[Extracted records]

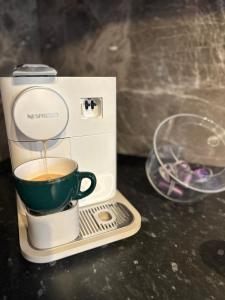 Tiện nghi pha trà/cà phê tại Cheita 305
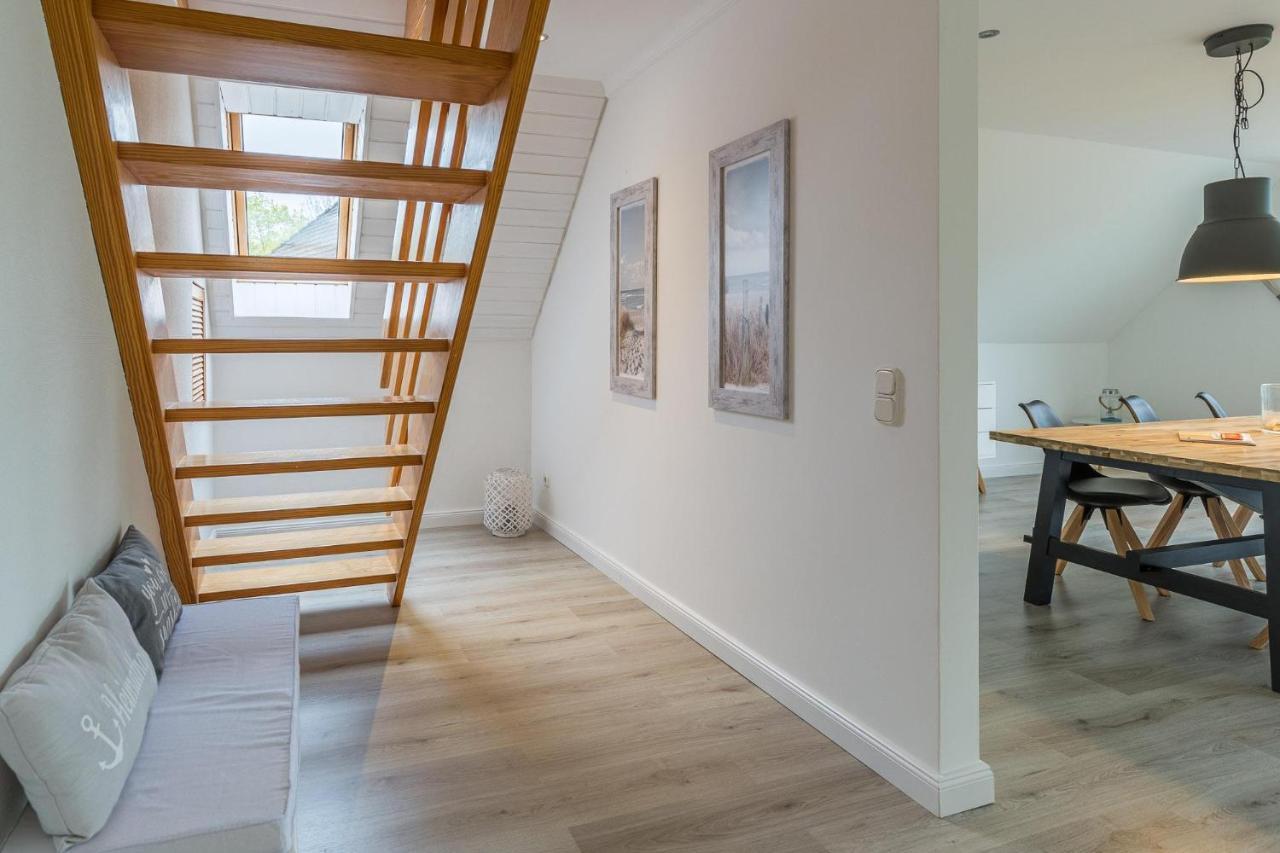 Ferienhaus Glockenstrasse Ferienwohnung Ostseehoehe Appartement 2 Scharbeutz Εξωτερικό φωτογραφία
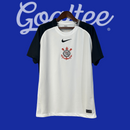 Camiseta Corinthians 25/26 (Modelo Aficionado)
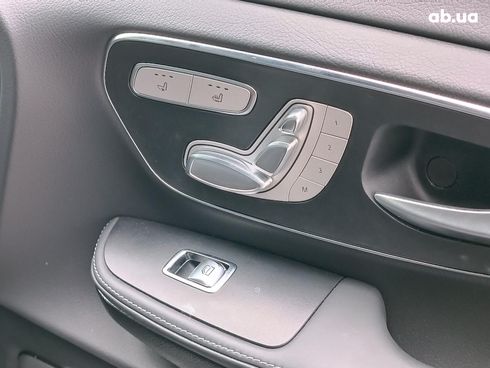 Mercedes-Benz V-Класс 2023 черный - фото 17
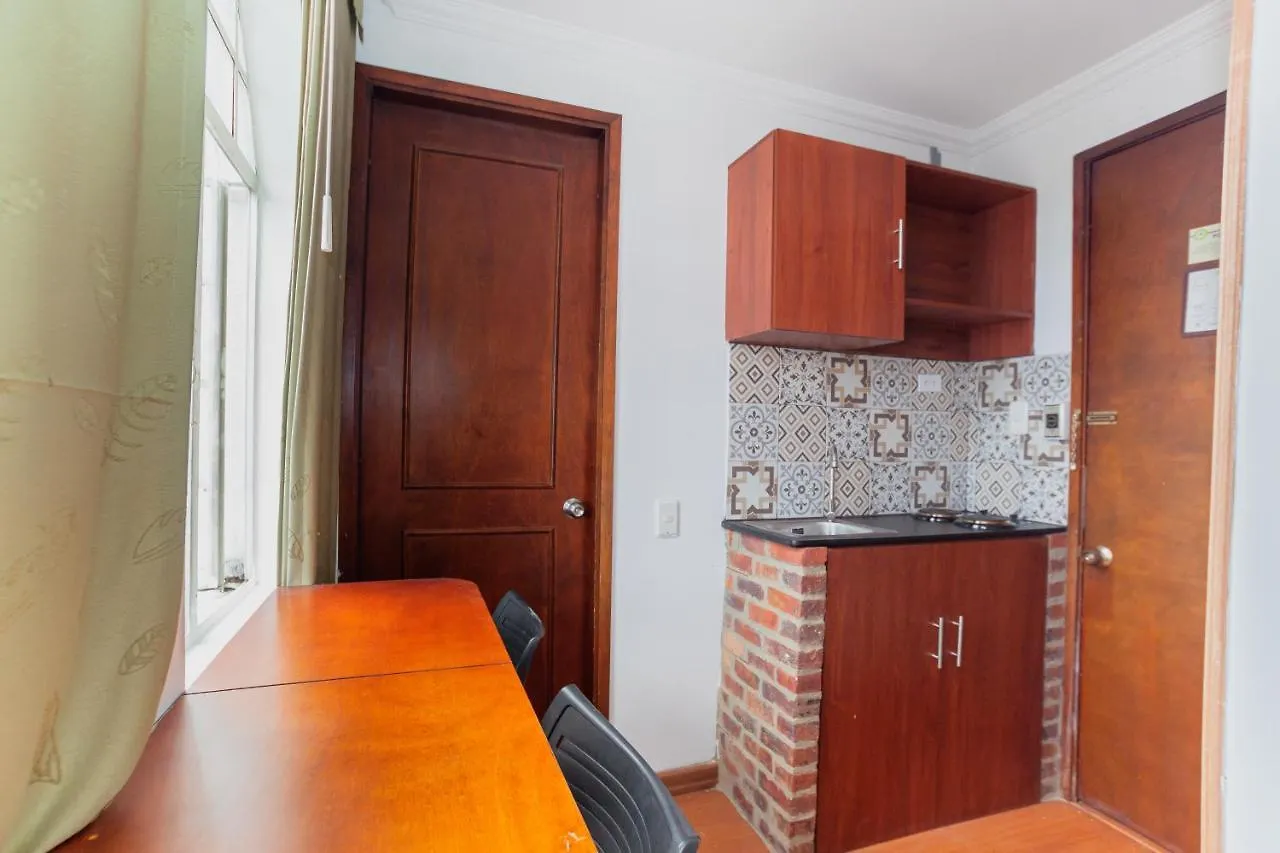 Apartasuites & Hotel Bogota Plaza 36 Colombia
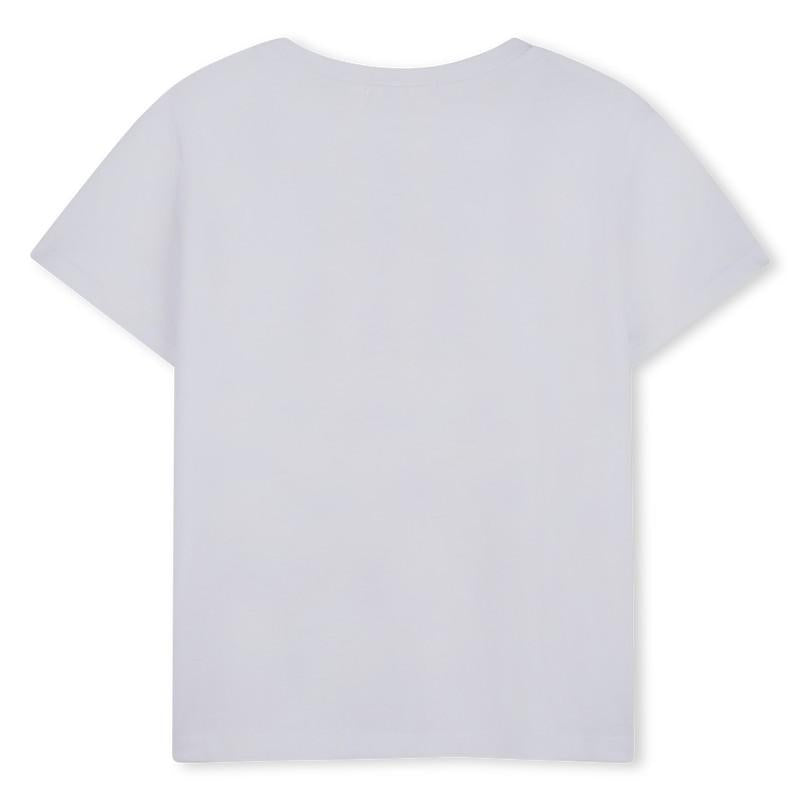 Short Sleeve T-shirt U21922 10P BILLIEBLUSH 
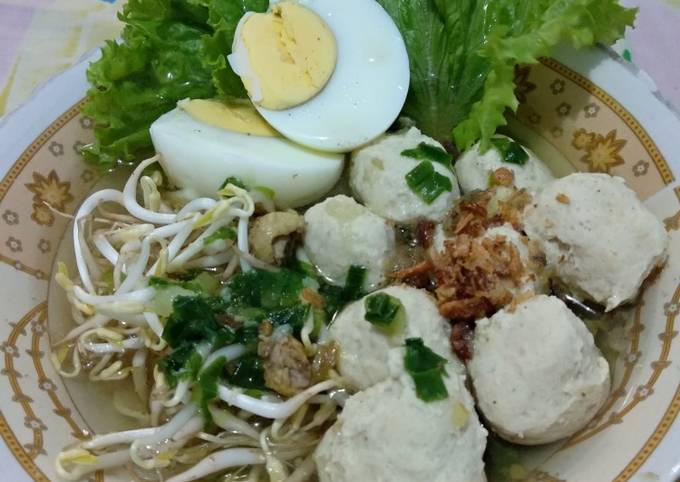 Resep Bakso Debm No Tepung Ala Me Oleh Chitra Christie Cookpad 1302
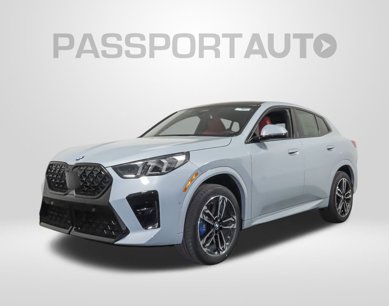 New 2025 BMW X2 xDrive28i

[TASK INSTRUCTIONS] Since the pictures are not wanted, copy only the text of the records above, exactly.

[RESULT FOR THIS TASK]
 Tiện nghi pha trà/cà phê tại Cheita 305
 Ferienhaus Glockenstrasse Ferienwohnung Ostseehoehe Appartement 2 Scharbeutz Εξωτερικό φωτογραφία
 Camiseta Corinthians 25/26 (Modelo Aficionado)
 Mercedes-Benz V-Класс 2023 черный - фото 17
 Apartasuites & Hotel Bogota Plaza 36 Colombia
 Short Sleeve T-shirt U21922 10P BILLIEBLUSH 
 Resep Bakso Debm No Tepung Ala Me Oleh Chitra Christie Cookpad 1302
 New 2025 BMW X2 xDrive28i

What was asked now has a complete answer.